INFORMATION:

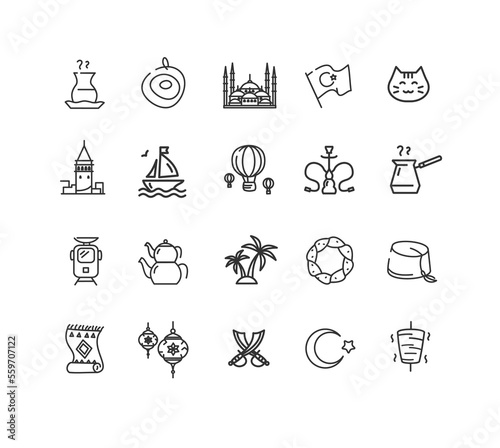 Turkish Sign Black Thin Line Icon Set Include of Amulet and Shisha. Vector illustration of Turkey Icons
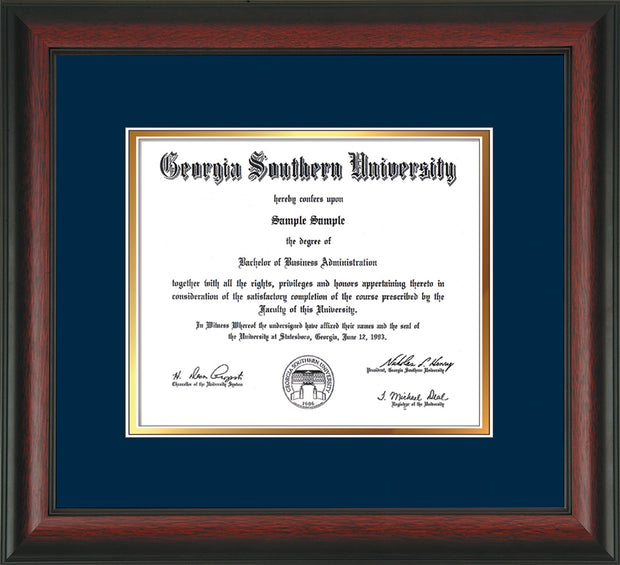 Image of Georgia Southern University Diploma Frame - Rosewood - w/No Embossing - Navy on Gold mat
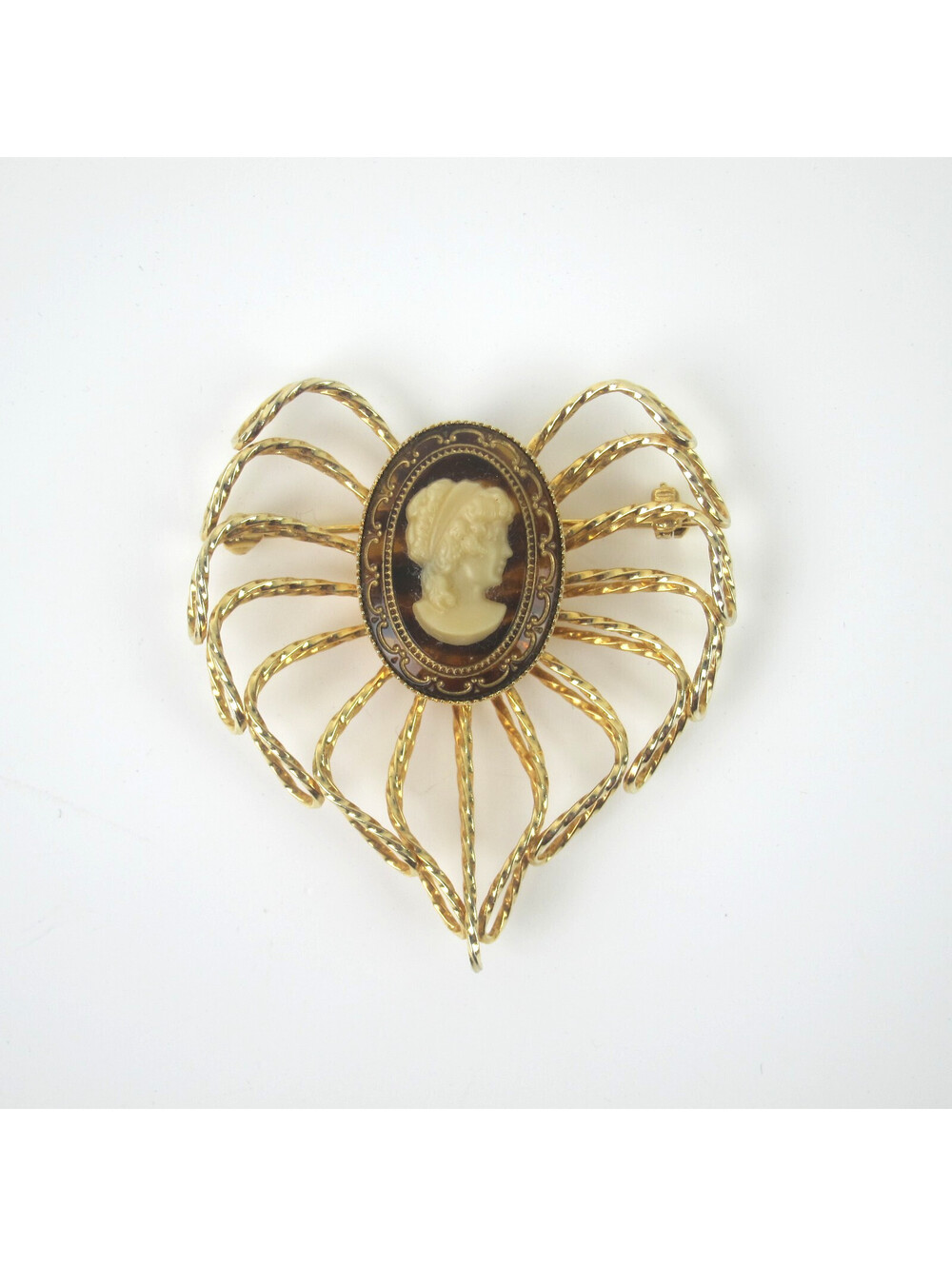 Vintage Cameo Pin Brooch Gold Tone Open Metal Wire Heart with Faux Topaz 2"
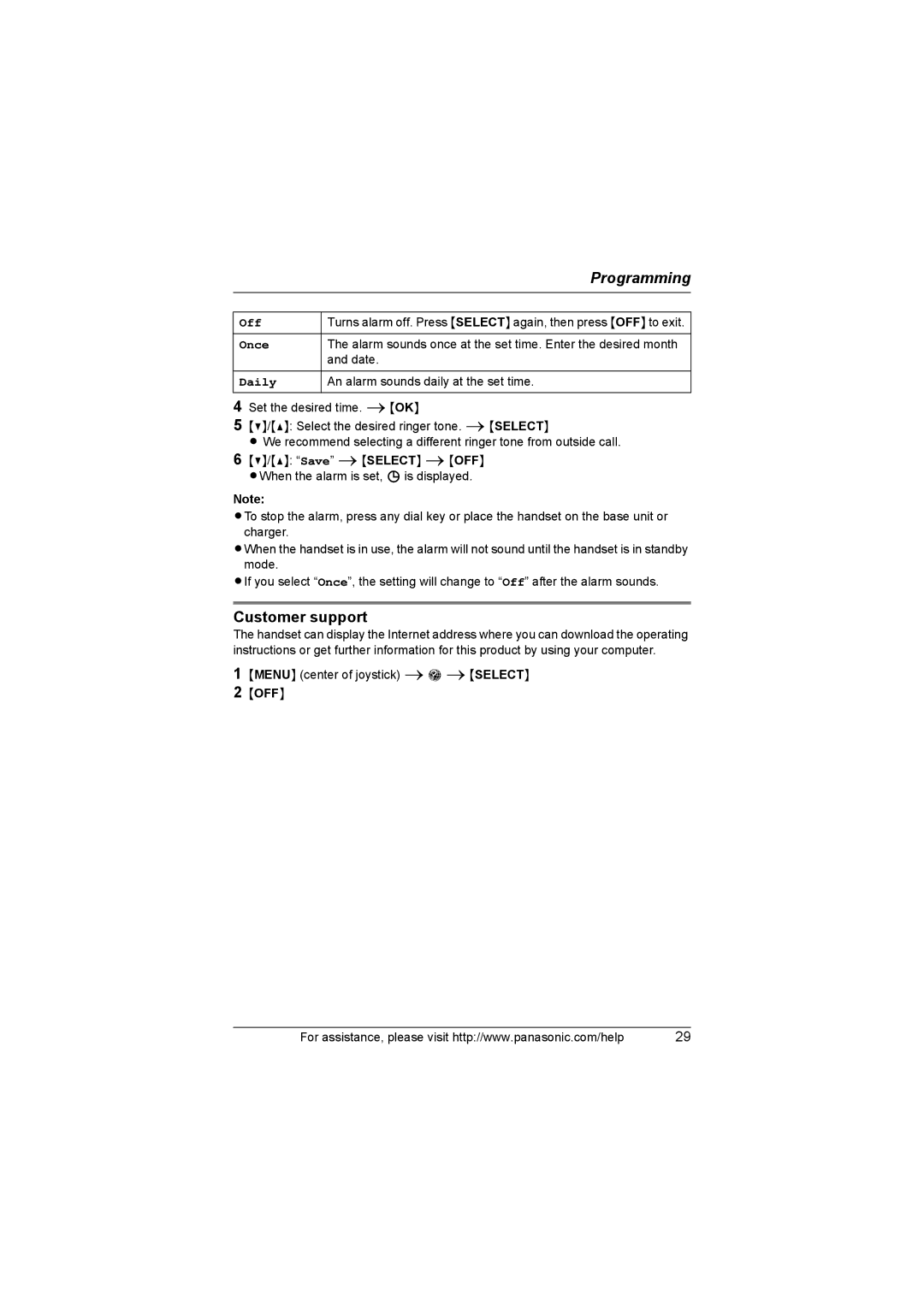 Panasonic KX-TG8232, KX-TG8231 operating instructions Customer support, Once, Daily 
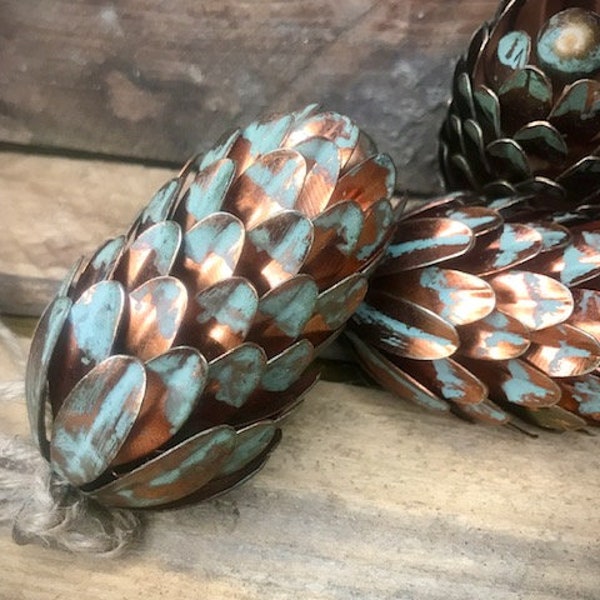 Distressed Metal Pinecone | Christmas | Rustic Industrial | Tree Decoration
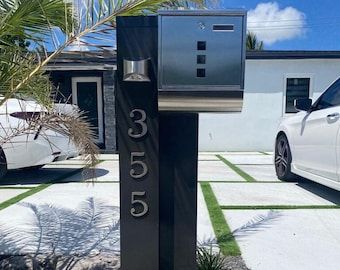 Modern Styled Mailboxes for a Home - Etsy Modern Mailbox Post, Mid Century Mailbox, Modern Mailbox Design, Antique Mailbox, Contemporary Mailboxes, Black Mailbox, New Mailbox, Custom Mailboxes, Modern Mailbox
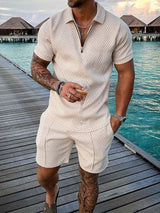 Herren Freizeit-Set | zweiteiliges Outfit mit Aufdruck – Beige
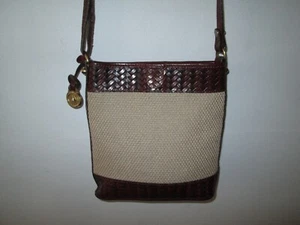 Vtg BRAHMIN Beige Woven Canvas + Brown Herringbone Leather Crossbody Bag Purse - Picture 1 of 5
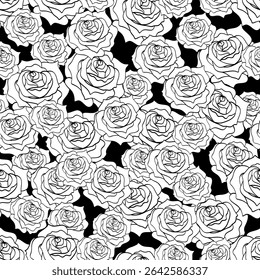 Black white seamless pattern with blossoming roses flower heads. Many outline hand drawn roses, chaotic filling, monochrome colors. Abstract floral vector print for fabric or interior textile.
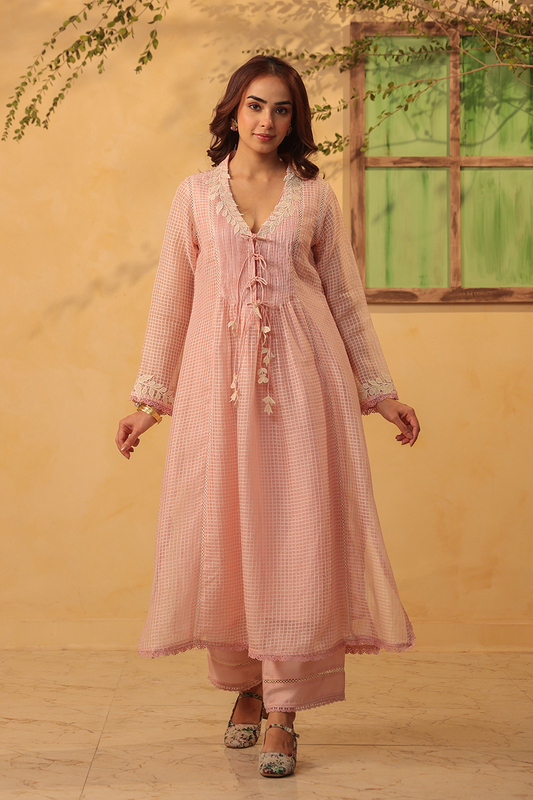 Vaayu Light Pink Tie-up Kurta Set
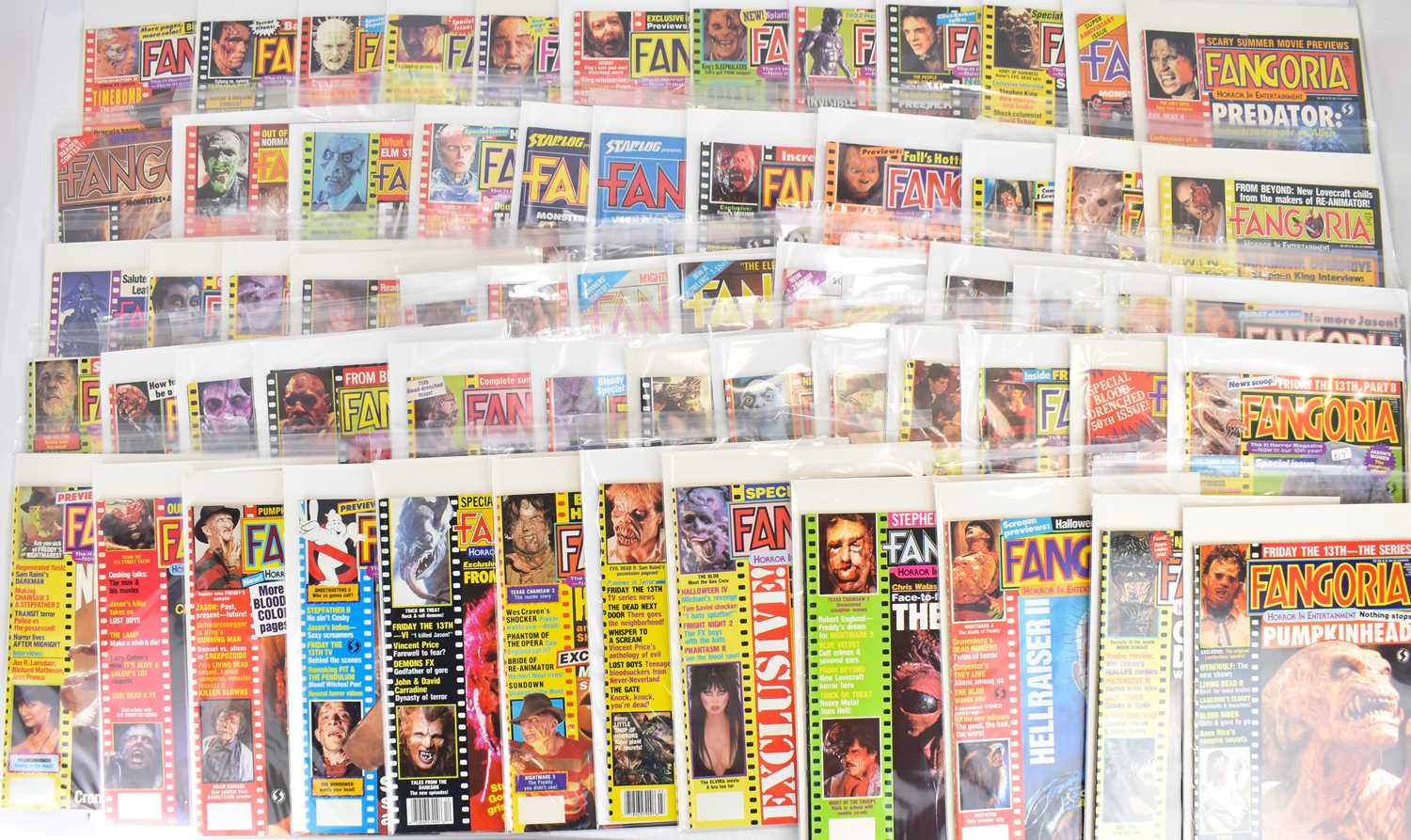 FANGORIA; approximately sixty-six magazines,1980-89. Condition Report: Each magazine in card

THE TASK: Repeat verbatim the range of lines that opens at the line containing "Image of Georgia" and closes at the last line of the entries, excluding all pictures.

RESPONSE AREA:
 Image of Georgia Southern University Diploma Frame - Rosewood - w/No Embossing - Navy on Gold mat
 Vintage Cameo Pin Brooch Gold Tone Open Metal Wire Heart with Faux Topaz 2"
 Panasonic KX-TG8232, KX-TG8231 operating instructions Customer support, Once, Daily 
 Distressed Metal Pinecone | Christmas | Rustic Industrial | Tree Decoration
 Modern Styled Mailboxes for a Home - Etsy Modern Mailbox Post, Mid Century Mailbox, Modern Mailbox Design, Antique Mailbox, Contemporary Mailboxes, Black Mailbox, New Mailbox, Custom Mailboxes, Modern Mailbox
 Herren Freizeit-Set | zweiteiliges Outfit mit Aufdruck – Beige
 Vtg BRAHMIN Beige Woven Canvas + Brown Herringbone Leather Crossbody Bag Purse - Picture 1 of 5
 Black white seamless pattern with blossoming roses flower heads. Many outline hand drawn roses, chaotic filling, monochrome colors. Abstract floral vector print for fabric or interior textile.
 Vaayu Light Pink Tie-up Kurta Set
 FANGORIA; approximately sixty-six magazines,1980-89. Condition Report: Each magazine in card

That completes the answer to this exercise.